QoS without Context: Good for the Network, Not So Good for the End user

#fasterapp #webperf #ado One of the most often mentioned uses of #OpenFlow revolves around QoS . Which is good for network performance metrics, but not necessarily good for application performance.

In addition to issues related to virtual machine provisioning and the dynamism inherent in cloud computing environments, QoS is likely the most often mentioned “use” of OpenFlow within a production network. Certainly quality of service issues are cropping up more and more as end-user performance climbs the priority stack for CIOs faced with increasing challenges to meet expectations.

Remembering, however, the history of QoS, one has to ask why anyone thinks it would solve performance issues any better today than it has in the past? Even if it becomes “flow” based instead of “packet-based”, is the end result really going to be a better, i.e. faster, end-user experience?

Probably not. And here’s why…

QoS techniques and technologies revolve around the ability to control the ingress and egress of packets. Whether it’s applied at a flow or packet level is irrelevant, the underlying implementation comes down to prioritization of packets. This control over how packets flow through the network is only available via devices or systems which IT controls, i.e. within the confines of the data center.

Furthermore, QoS is designed to address network-related issues such as congestion and packet-loss that ultimately degrade the performance of a given application. Congestion and packet-loss happen for a number of reasons, such as oversubscription of bandwidth, high utilization on systems (making them incapable of processing incoming packets efficiently), and misconfiguration of network devices.

Let’s assume one (or more) of said conditions exist. Let’s further stipulate that using OpenFlow, the network has been dynamically adjusted to compensate for said conditions.

Can one assume from this that end-user performance has improved? Hint: the answer is no.

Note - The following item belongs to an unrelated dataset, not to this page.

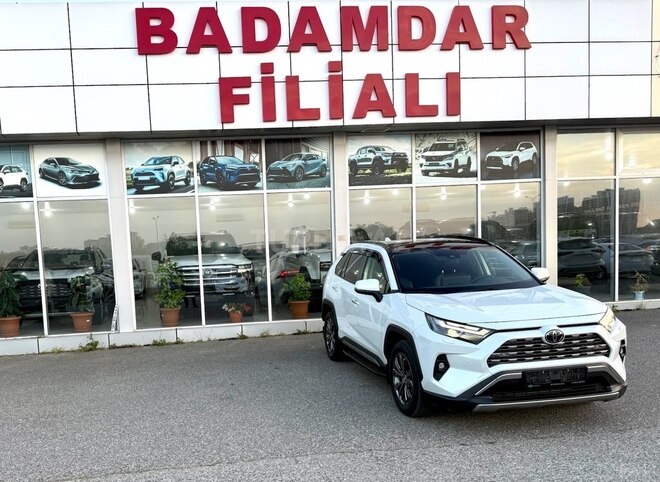 Toyota RAV4 2023, 63,000 km - 2.5 л - Bakı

The reason the answer is no is because network conditions are only one piece of the performance equation. QoS cannot address the other causes of poor performance: high load, poor external (Internet) network conditions, external bandwidth constraints, slow clients, mobile network issues, and inefficiencies in protocol processing*.

Ah, but what about using OpenFlow to dynamically adjust perimeter devices providing QoS on the egress-facing side of the network?

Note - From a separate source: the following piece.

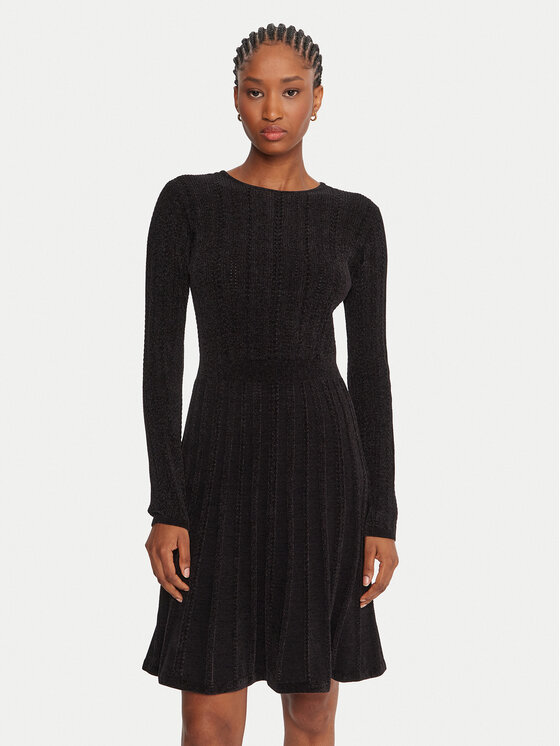 Вязаное платье regular fit W5BK79 Z3902 Guess, черный
Вязаное платье regular fit W5BK79 Z3902 Guess, черный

Certain types of QoS – rate shaping in particular – can assist in improving protocol-related impediments. Too, bandwidth management (which has migrated from its own niche market to simply being attached to QoS) may mitigate issues related to bandwidth constrained connections – but only from the perspective of the pipe between the data center and Internet. If the bandwidth constraint is on the other end of the pipe (the “last mile”), this technique will not improve performance, because the OpenFlow controller has no awareness of that constraint. In fact, an OpenFlow controller is going to largely be applying policies blind with respect to anything outside the data center.

ROOT CAUSES

When we start looking at the causes of poor end-user performance we see that many of them are outside the data center. Type of client, client network, type of content being delivered, status of the server serving the content. All these factors make up context and without visibility into that, it is impossible to redress those factors impeding performance. If you know the end-user device is a tablet, and it’s connecting over a mobile network, you know performance is most likely going to be improved by reducing the size of the content being delivered. Techniques like image optimization and minification as well as caching will improve performance. QoS techniques? Not so much, if at all.

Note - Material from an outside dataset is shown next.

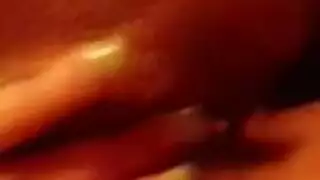 قنبلة شقراء تركب انتصابًا ضخمًا حتى الذروة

The problem is that QoS, like many attempts at improving performance, focus on one small piece of the puzzle rather than on the whole. There is almost never a mention of the client-side factors, and not even so much as a head nod in the direction of the application, even though it’s been shown that various applications have widely varying performance characteristics when delivered over different kinds of networks.

Without context, QoS rarely achieves noticeable improvements in performance from the perspective of the end-user. Context is necessary in order to apply the right techniques and policies at the right time to ensure optimal performance for the user given the application being served. Context provides the insight, the visibility,

QoS, on its own, is not “the answer” to the problem of poorly performing applications (and it’s even less useful in cloud computing environments where a lack of control over the infrastructure required to implement is problematic). It may be part of the solution, depending on what the problem may be, but it’s just part of the solution. There are myriad techniques and technology that can be applied to improve performance; success always depends primarily on applying the right solution at the right time.

To do that, requires contextual-awareness – as well as the ability to execute “any of the above” to redress the problems.

But would QoS improve, overall, the performance of applications? Sure – though perhaps only minimally and to the end-user, imperceptibly. The question becomes is IT more concerned with metrics proving they are meeting SLAs for network delivery or on improving the actual experience of the end-user?

*Rate shaping (a QoS technique) does attempt to mitigate issues with TCP by manipulating window-sizes and timing of exchanges, which partially addresses this issue.